▶ **Your task**
Give back exactly the lines that start at the one containing "dining space with" and run to the end of the material, leaving out the pictures.

▶ **Information**
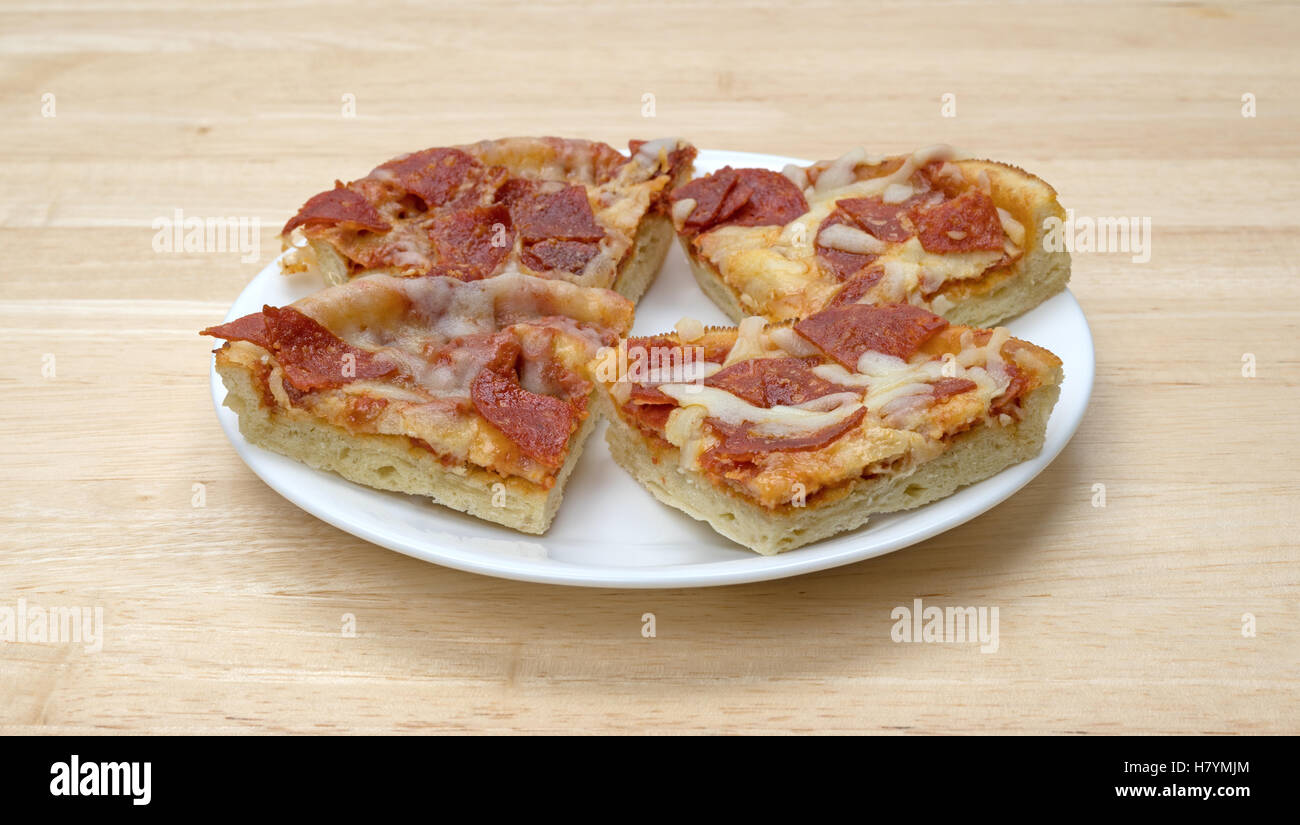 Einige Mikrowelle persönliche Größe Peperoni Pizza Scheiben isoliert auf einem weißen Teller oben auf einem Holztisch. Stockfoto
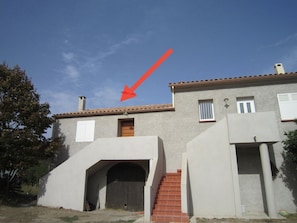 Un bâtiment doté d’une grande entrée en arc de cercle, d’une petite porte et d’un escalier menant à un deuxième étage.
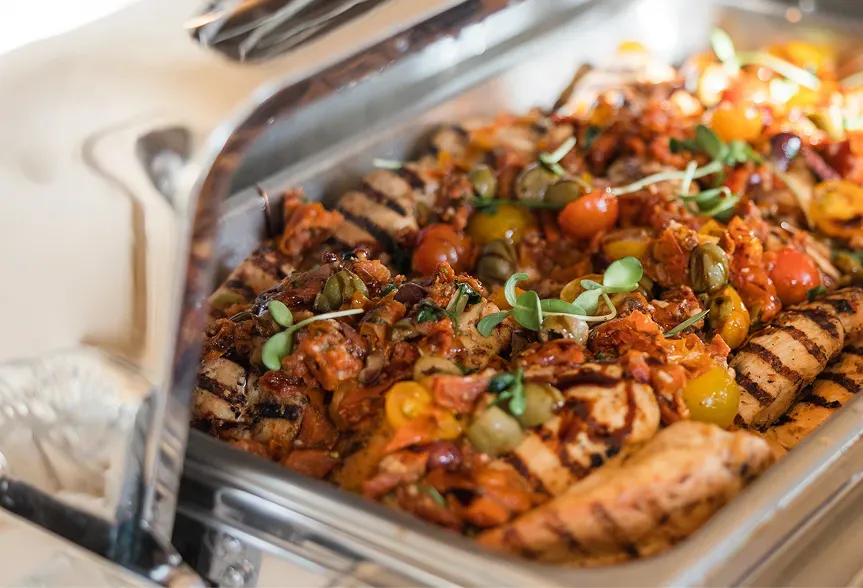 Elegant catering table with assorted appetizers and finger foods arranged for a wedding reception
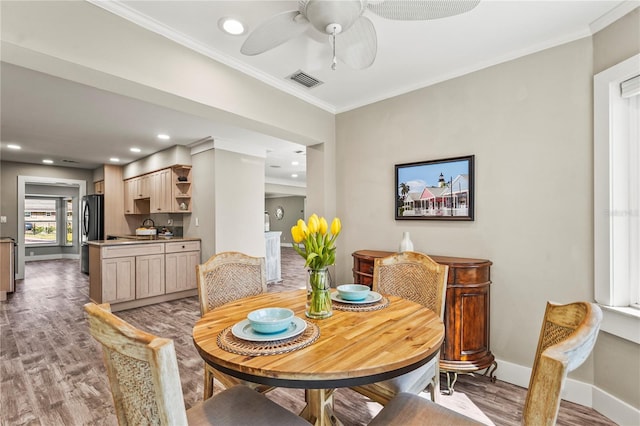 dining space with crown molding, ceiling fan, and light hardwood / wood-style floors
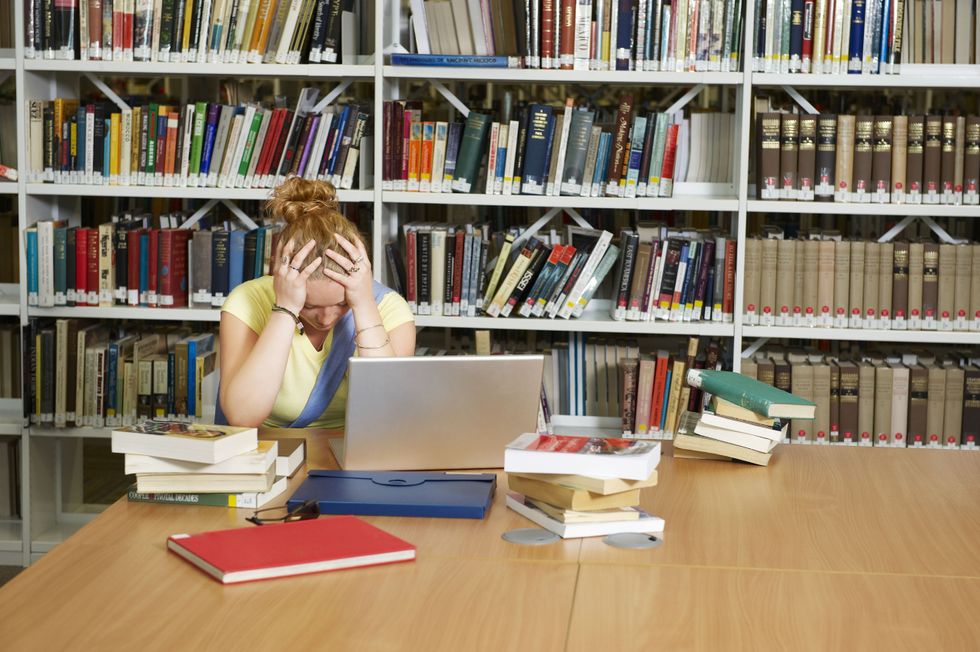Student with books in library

▶ **Response to the task**
 dining space with crown molding, ceiling fan, and light hardwood / wood-style floors
Student with books in library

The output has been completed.